How Big is Your Wastebasket?

When I was a kid, my uncle loved to show the slides he took on family vacations. Watching him set up the projector and screen was interesting, but ten minutes after he started showing the slides I’d start wondering if it was possible to die of boredom. Many pictures seemed like the one previously on the screen, but perhaps from a slightly different angle. Some of the adults had a reaction different than mine, their heads occasionally bobbing as they struggled to stay awake. This was my introduction to the dreaded “slide show”. I didn’t realize it at the time, but it was also my first lesson in how not to edit images. His photographs were not horrible, but I don't think he ever threw one away. 

I have heard more than once that the biggest difference between professional and amateur photographers is the size of their wastebasket. There may be more to it than that, but the adage does speak to how people perceive the quality of your work and how they react to it. Whether we show our images in slide shows, on the web, or in photo albums, no one wants their photos to be boring. Editing the photographs you take is a big job, and one I have always hated. It is hard to throw away something after you labor hard to get it. It is harder still when the image brings back good memories of the time you spent out in the field doing what you love to do. If you know the best way to handle this, please let me know. In the meantime I’ll tell you a few techniques that seem to help me.

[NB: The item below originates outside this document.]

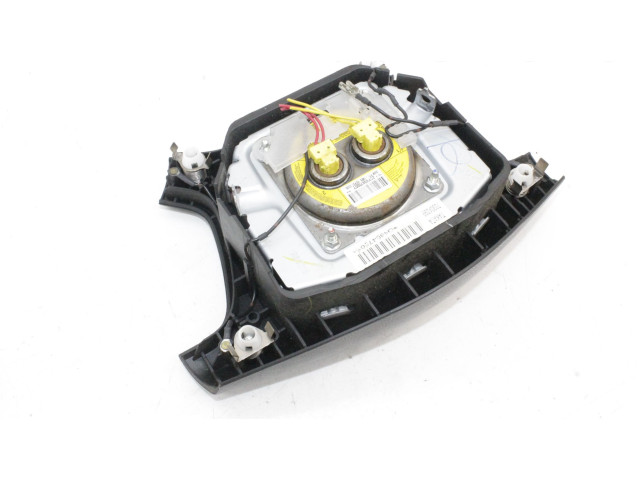 Подушка безопасности водителя 7030A099 Mitsubishi Pajero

Try looking at your images as if they were taken by someone you don’t know. It’s far easier to think that some anonymous person did a crummy job than it is to think that you screwed up a nice photo opportunity. Try not to let familiarity with a subject color your judgment. Would the photo still look good if you knew nothing about it? Good images should stand entirely on their own merits.

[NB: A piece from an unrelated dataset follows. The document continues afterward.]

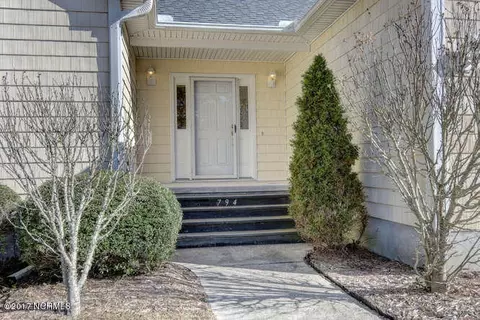 794 Sloop Pointe Ln, Kure Beach, NC 28449 photo 2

Be ruthless. Sometimes nearly everything from a particular shooting session is simply bad. If so, close your eyes and get rid of the images. Especially with wildlife, you might spend many hours and take many photos while hoping for something special to happen that never does. The fact that you spent an entire morning on a set of images does not make them good, it only makes them hard to toss.

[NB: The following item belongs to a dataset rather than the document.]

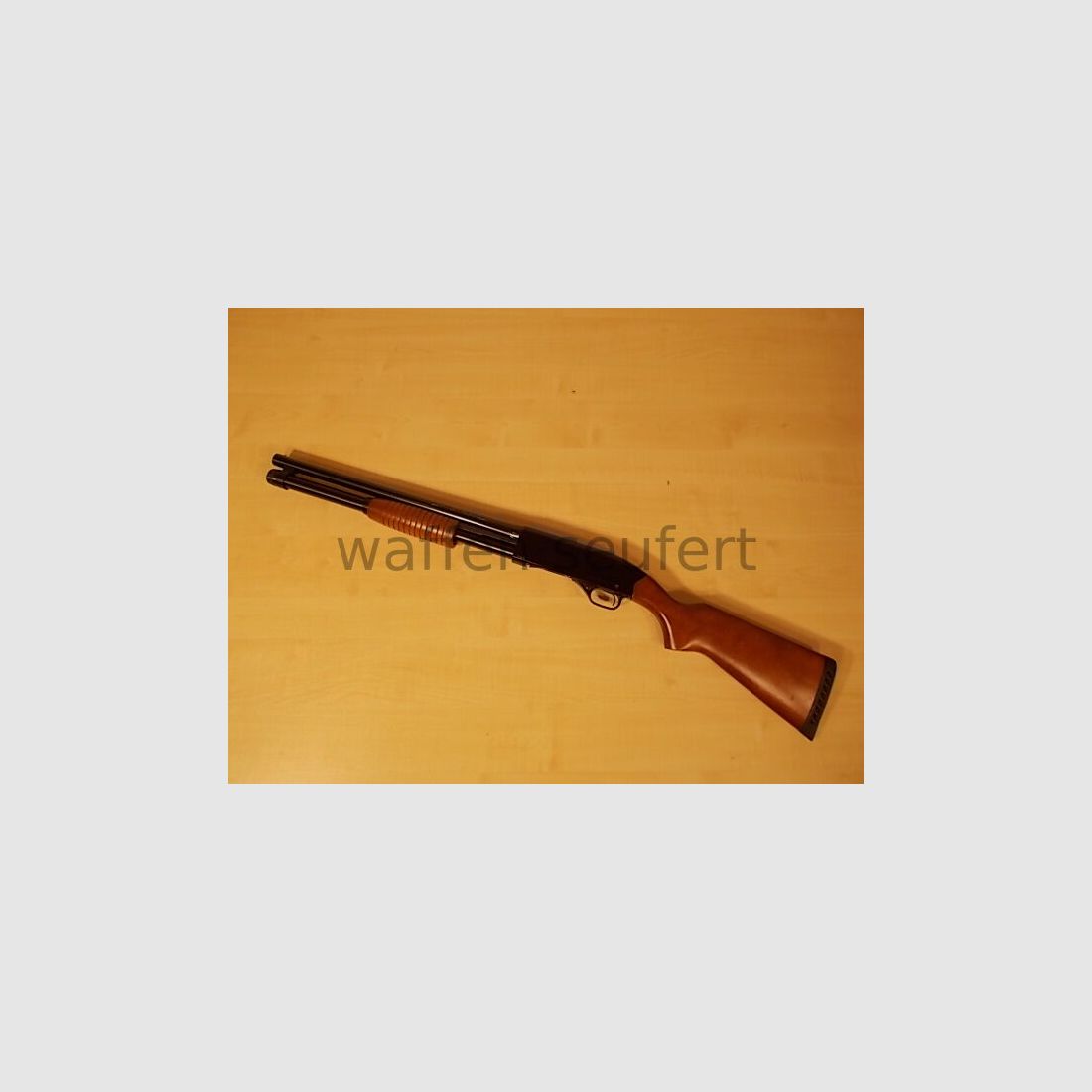 Winchester 1300 Defender Vorderschaft-Repetierflinte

Look at the flip side. I often find it much easier to look for what to keep instead of looking for what to throw away. With film I lay a large grouping of slides out on a light table. I then look through them with a loupe, not giving more than a few seconds to any one image. If an image grabs me when I look at it, I put a mark on the mount. When I’m done, those are the keepers. With digital images it works in a similar way. I page through full screen images, tagging the ones that make a good first impression. If you have to study the image for a long time before it looks good, it should probably be gone.

Wait. To some extent the purely emotional ties to an image fade with time. If an image still looks good after you return from your next photo shoot, maybe it really is. Conversely, if the image loses its luster, maybe you should lose the image.

All of these techniques need to be tempered with a little common sense. If I have images of an extremely rare photographic subject I keep some of the best ones, even if the best is not very good. I tend to be a little less ruthless with digital images because they do not require scanning, they’re easy to catalog, space is not an issue, and a few may be used for some yet unknown purpose. I keep some images just because I want to, for no justifiable reason. Even with these transgressions, I keep far fewer images now than I did in my early years of photography.

Another thing to keep in mind is that you don’t need to show everything you keep. An image of a prairie dog holding a blade of grass is probably not made more interesting by an image of the same prairie dog about to eat the blade of grass, or another of the prairie dog actually eating the blade of grass. Unless someone has asked to see a photo sequence of a prairie dog eating grass, pick the one you think is best and leave the rest in the file.

Editing images is still a pain in the backside, but with a little discipline it can be easier. Remember, it's the quality, not the quantity, that counts.